[TASK INSTRUCTIONS] All pictures are to be omitted while the lines starting at the line with "Jeans pour jeunesse" and ending at the line with "40th Birthday Rose" in the material below are retyped exactly, both ends included.

[EXERCISE MATERIAL]

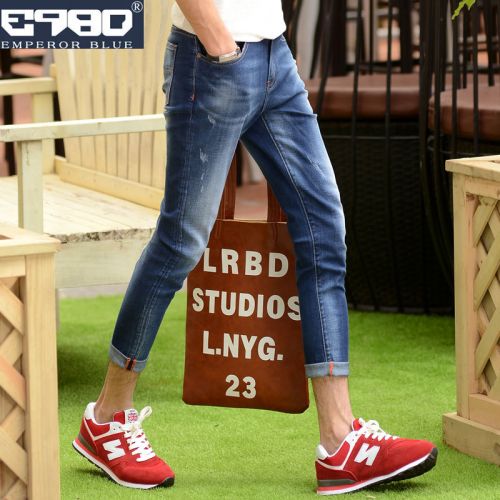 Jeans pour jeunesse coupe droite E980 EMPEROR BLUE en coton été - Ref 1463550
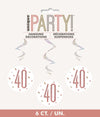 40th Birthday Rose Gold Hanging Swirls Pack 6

...

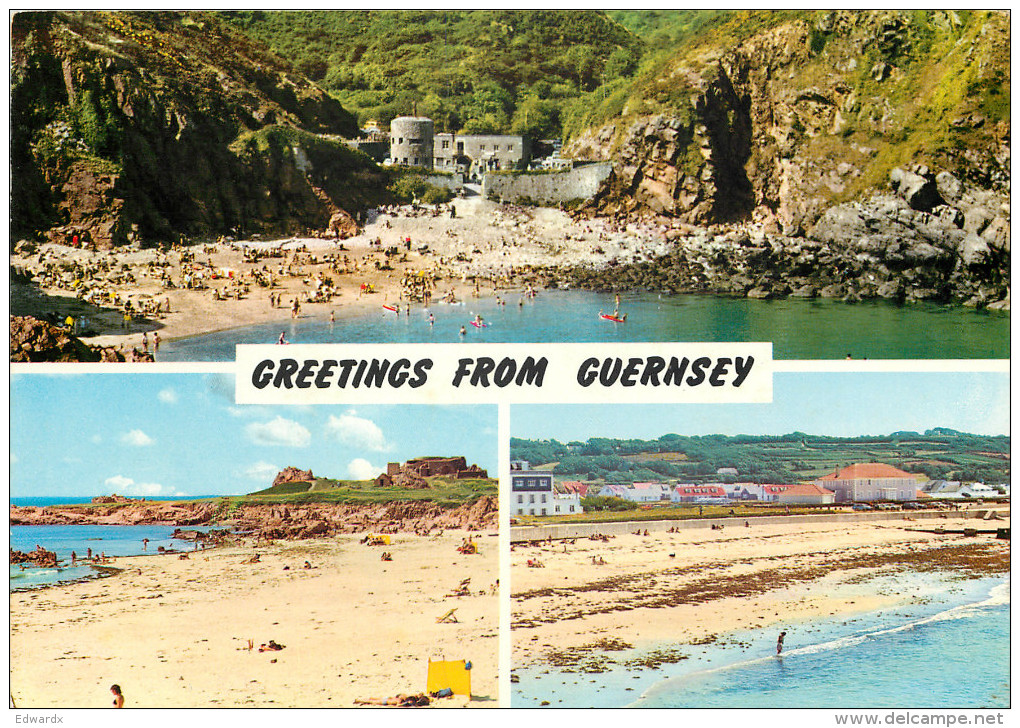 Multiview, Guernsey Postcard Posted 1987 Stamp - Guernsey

[RESULT]
 Jeans pour jeunesse coupe droite E980 EMPEROR BLUE en coton été - Ref 1463550
 40th Birthday Rose Gold Hanging Swirls Pack 6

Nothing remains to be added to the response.